Artifacts¶
Artifacts are persisted outputs such as tables, Markdown, or links. They are stored on Prefect Cloud or a Prefect server instance and rendered in the Prefect UI. Artifacts make it easy to track and monitor the objects that your flows produce and update over time.
Published artifacts may be associated with a particular task run or flow run. Artifacts can also be created outside of any flow run context.
Whether you're publishing links, Markdown, or tables, artifacts provide a powerful and flexible way to showcase data within your workflows.
With artifacts, you can easily manage and share information with your team, providing valuable insights and context.

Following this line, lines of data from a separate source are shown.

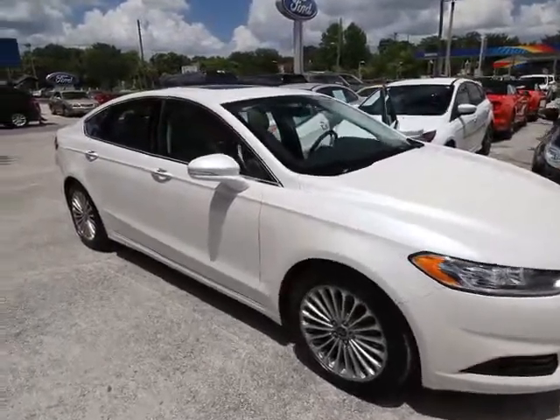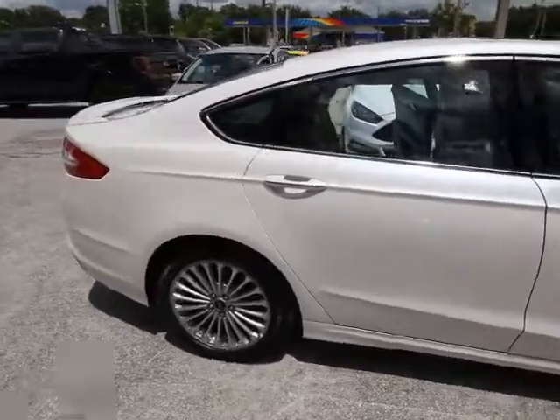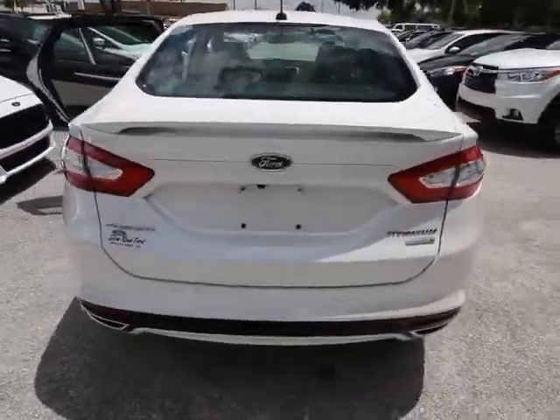The 2016 Ford Fusion. You can have both impressive power and great economy in a Fusion. This vehicle has less than 30,000 miles. Here are some of this vehicle's great options.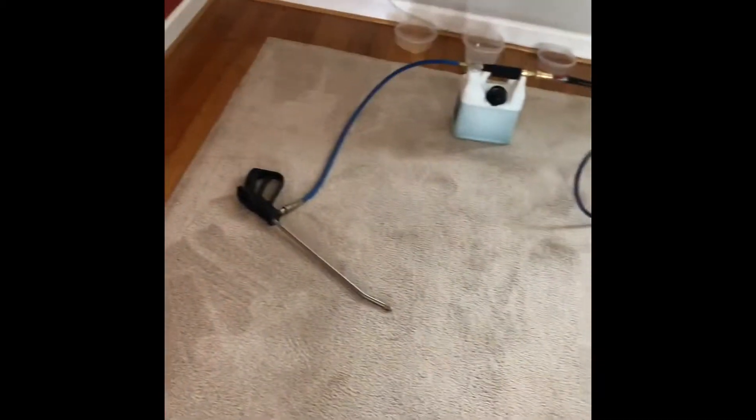The carpet isn't too bad. The lady is moving out of the house, so she has to do a carpet cleaning according to her lease agreement — that's always the case in our area. The carpet is not too bad, maybe a little bit of a traffic area and a little bit more dirt from the entrance.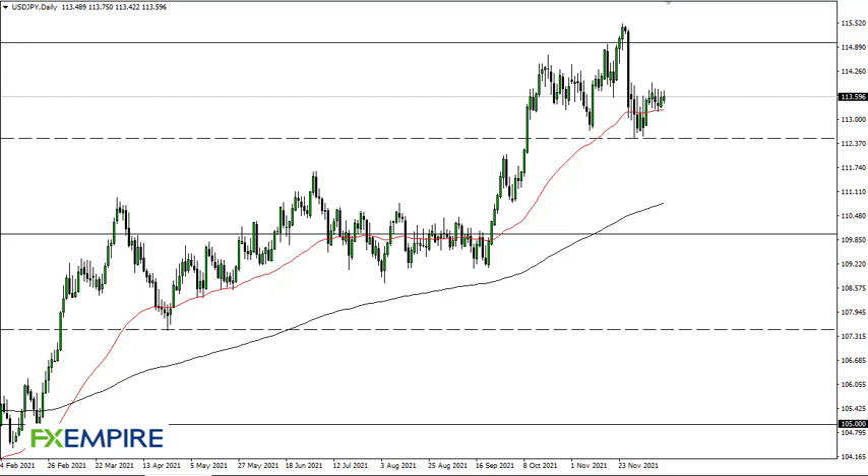I'm FX Empire, this is Chris taking a look at the US dollar Japanese yen. The dollar yen has shown itself to kind of hang around 114 or so — that's an area that is significant resistance. But if we can break above there, then I think we go higher. 112 and a half underneath continues to be support. At this point I think we've just got a consolidation range that we're going to hang around in between now and the end of the year.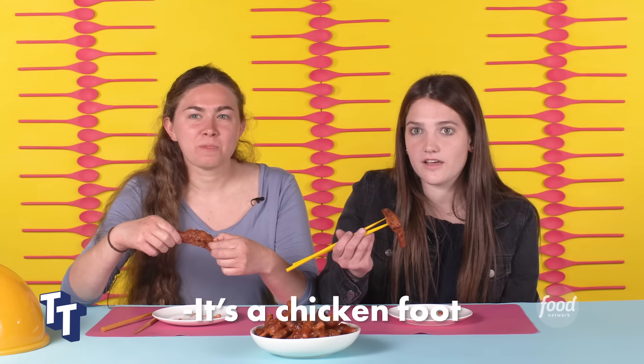Yeah, but I'm scared to know what it is. Is it like a chicken foot? I don't know. It's a chicken leg — it's a chicken foot. Knew it! They're chicken feet. Yeah, it's chicken feet.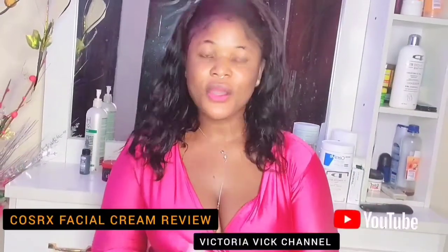Hey guys, welcome back to today's video. I am Vidya Vick, and if this is a surprise, I will see you in the sky.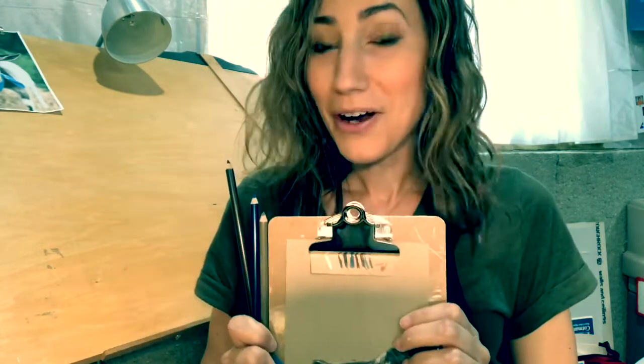Other than that, happy drawing, happy Friday. I hope you get outside a little bit — it's supposed to be a nicer day. Miss you all. We'll see you on Facebook, hopefully. See ya.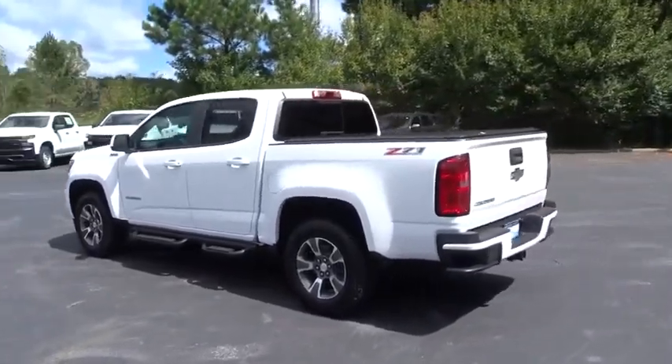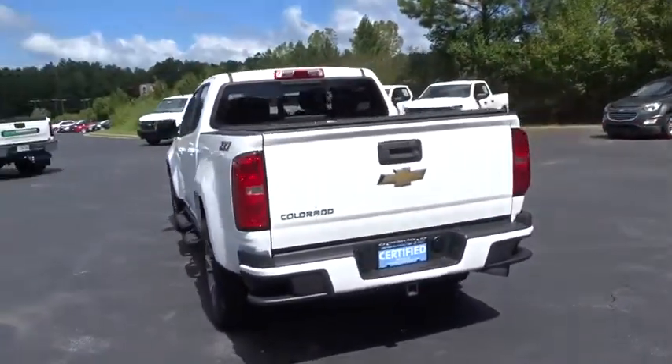This vehicle has less than 35,000 miles. Here are some of this vehicle's great options.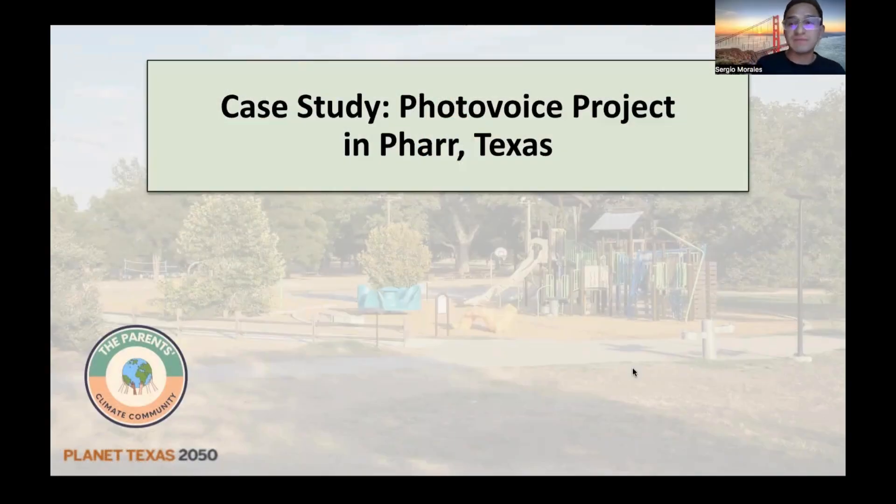My name is Sergio Morales, and welcome back to our PhotoVoice video series. In this specific video, I'm going to be talking about a case study in Far Texas of a PhotoVoice project, just to get an example of how the PhotoVoice process works in action.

Common use cases for artifacts include:
- Debugging: By publishing data that you care about in the UI, you can easily see when and where your results were written. If an artifact doesn't look the way you expect, you can find out which flow run last updated it, and you can click through a link in the artifact to a storage location (such as an S3 bucket).
- Data quality checks: Artifacts can be used to publish data quality checks from in-progress tasks. This can help ensure that data quality is maintained throughout the pipeline. During long-running tasks such as ML model training, you might use artifacts to publish performance graphs. This can help you visualize how well your models are performing and make adjustments as needed. You can also track the versions of these artifacts over time, making it easier to identify changes in your data.
- Documentation: Artifacts can be used to publish documentation and sample data to help you keep track of your work and share information with your colleagues. For instance, artifacts allow you to add a description to let your colleagues know why this piece of data is important.
Creating artifacts¶
Creating artifacts allows you to publish data from task and flow runs or outside of a flow run context. Currently, you can render three artifact types: links, Markdown, and tables.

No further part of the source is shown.